Es ist noch keinen Monat her, da erlebte der Zweitligist Fortuna Düsseldorf sein Waterloo. Im Achtelfinale des DFB-Pokals wurden die Düsseldorfer bei Hannover 96 richtig vorgeführt.

Nach 16 Minuten lagen die Gäste bei den Niedersachsen bereits mit 0:4 zurück und nach einem völlig indiskutablen Auftritt waren sie am Ende mit dem 1:6 noch gut bedient. Morgen Abend (18.30 Uhr) kommt es nun zu einem Wiedersehen der beiden Mannschaften – unter anderen Voraussetzungen. Die Düsseldorfer haben Heimrecht und nach der Tabelle befinden sie sich mit dem Bundesliga-Absteiger auf Augenhöhe. Der Tabellenfünfte empfängt den Dritten, der nur zwei Punkte besser da steht.

Die 1:6-Pleite vom 26. Oktober haben die Düsseldorfer nicht vergessen. "Wir haben das aufgearbeitet", sagt Robin Bormuth, "aber ein ganz klein bisschen ist das natürlich noch im Hinterkopf." Das ist sicherlich eine ganz gute Voraussetzung, um ähnlich desaströse Fehler morgen zu vermeiden. Bormuth stand bei dem Debakel aber nicht auf dem Platz. Trainer Friedhelm Funkel hatte dem 21-Jährigen eine Pause gegönnt und dafür den 34 Jahre alten Routinier Alexander Madlung nach abgelaufener Sperre wieder in die Innenverteidigung gestellt. Der Pokal-Auftritt war das bislang letzte Spiel des ehemaligen Nationalspielers, der wegen seiner Rückenprobleme oft kürzertreten muss.

Auch die Statistik spricht eindeutig für das Talent Bormuth. Mit Madlung in der Abwehr holte die Fortuna in sieben Spielen neun Punkte und 8:9 Tore, mit Bormuth waren es in sieben Begegnungen immerhin 16 Punkte und 12:4 Tore. Aus diesen Zahlenspielen leistet Bormuth allerdings keinen Anspruch auf seinen Einsatz ab: "Das ist allein die Sache des Trainers."
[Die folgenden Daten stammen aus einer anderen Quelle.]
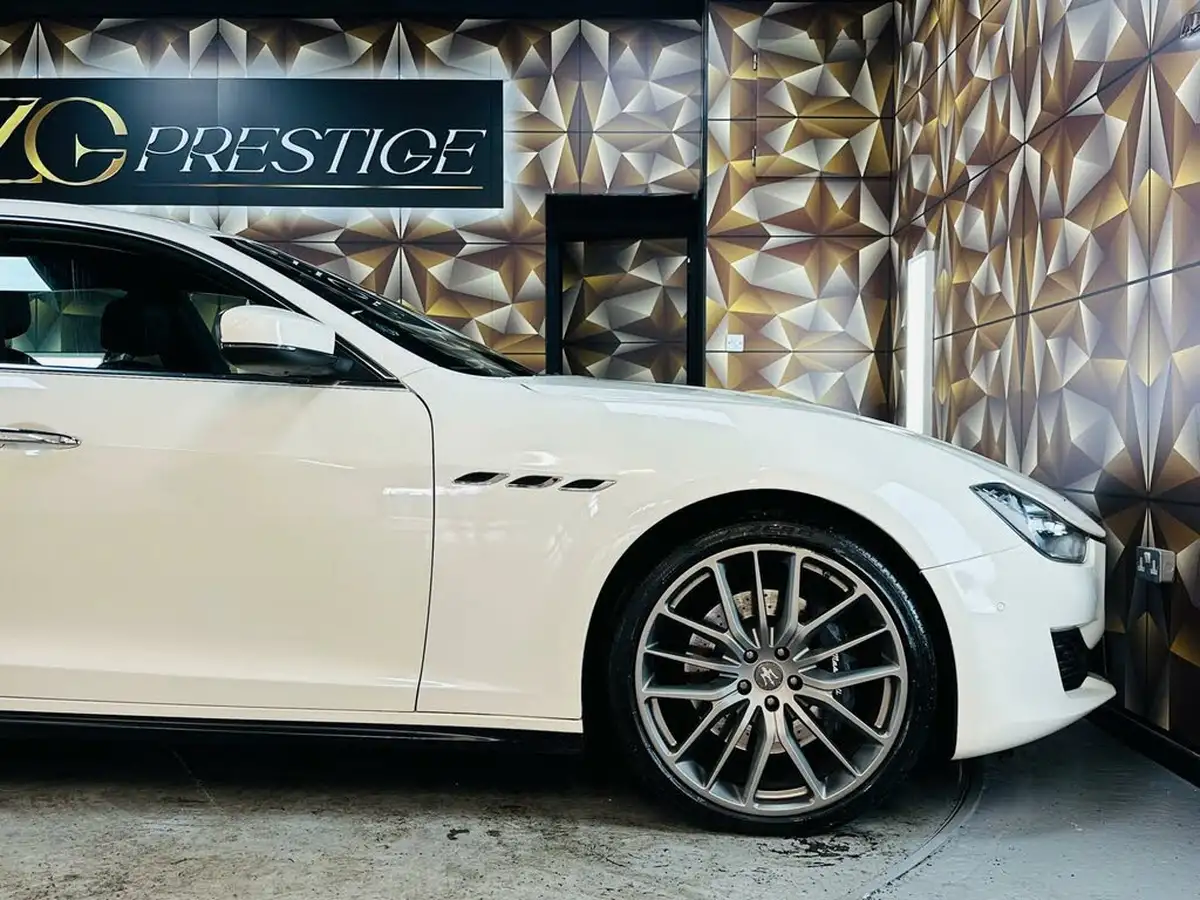 2019-maserati-ghibli-30-big-12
Dass er am Sonntag beim 1:0 beim FC St. Pauli nur kurz eingewechselt wurde, ärgert ihn nicht. "Es ist mein erstes Jahr als Profi. Da wäre es doch vermessen, wenn ich enttäuscht wäre", sagt Bormuth. Und er begründet das: "Ich habe sieben Spiele absolviert, davon fünf über die volle Distanz. Wenn mir vor der Saison jemand angeboten hätte, dass ich von den ersten zwölf Spielen in sieben zum Einsatz kommen, davon fünf Mal von Beginn an, das hätte ich sofort angenommen." Für Robin Bormuth ist die Saison 2016/2017 bisher ähnlich gut gelaufen wie für die gesamte Fortuna, die nach einem drei Jahre langen, beängstigenden Abwärtsrend mit angemessen bescheidenen Zielen in die neue Spielzeit gegangen war.